The Narrative of the Cover Art for Time Out of Joint: Part 1



1958 marked a turning point in Dick’s career. He swore off mainstream fiction and instead decided to incorporate highbrow literary elements into his science fiction. Sutin writes, “And in 1958, [Dick] decided, without in the least forsaking his mainstream ambitions” to write a stylistic science fiction novel. Dick wrote Biography in Time (later renamed Time Out of Joint). The release (pictured above) was his first hardcover release in the United States, published by Lippincott in 1959 as a “novel of menace.” He was paid $750. According to Sutin, Dick “kept watch in Time and The New York Times Book Review, hoping for the first serious reviews of his career. They didn’t happen. Sales were poor.”

This cover was Dick's first taste of life outside the literary ghetto of science fiction. Absent are the cheesy blurbs like "He was a victim of the future's wolves" (Quiz time: On what PKD cover did that blurb appear?) and the requisite rocket ships and tentacled aliens. Time Out of Joint is one of Dick's most underrated novels and one of my favorites. I wrote my masters thesis on this novel and I appreciated the craftsmanship of the book on another level after spending a month or two going through it with a fine tooth comb.

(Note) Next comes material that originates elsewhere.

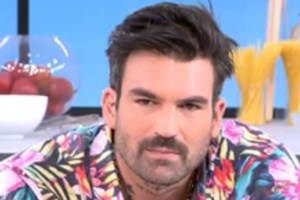 Η Ελένη Τσολάκη για την Ιωάννα Τούνη: "Δεν μπορώ να καταλάβω γιατί δεν τους γράφει εκεί που δεν πιάνει μελάνι"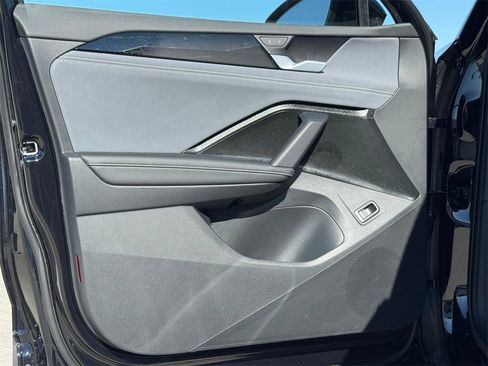 New 2026 Volkswagen Tiguan SE image 23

In the essay "Philip K Dick and Human Kindness" J. Blumen writes:

"Time Out of Joint is an early and inferior novel, ringing some interesting changes on a traditional science fiction theme: Everything You Think You Know is False. Dick would tell this story again, with increased certainty and poignancy."

Why does every critic writing about PKD need to make some judgmental comment about his oeuvre: he wrote too fast, some novels suck, or the worst: Dick somehow fell ass-backwards into literary greatness as some kind of idiot savant who didn't know what he was doing?

Blumen again:

"Opposed to this is the natural [novelist], the idiot savant, the desperate man who has no idea that he is writing anything memorable, the madman whose pulp fiction is half garbage and half genius. This was Philip K. Dick, who started and ended his career writing cheap Ace paperbacks, who did too many drugs and left too many marriages and died at age 53, but whose writing has a quality of unexpected wild insight that guarantees he will be remembered."

3 comments:

Nicholas Musurca said...

Sure. All great novelists marry for life, drink in moderation, and live otherwise exemplary lives.

John said...

I just finished Time Out of Joint and I wasn't impressed. I love Do Androids Dream of Electric Sheep, The Man in the High Castle, and Flow My Tears the Policeman Said (which are all of the other PKD books I've read). But Time Out of Joint just didn't connect with me. I'm reading A Scanner Darkly and so far it's great.

Gabriel Mckee said...

Quiz answer: The "future's wolves" line was on the cover of Dr. Futurity, unless I'm mistaken.

TOJ is one of my favorite PKD novels, mostly on the strength of the "paper slips" scene, which remains one of the creepiest things in any novel ever.

As for Blumen, I have to wonder: if he likes PKD, why does he hate him so much?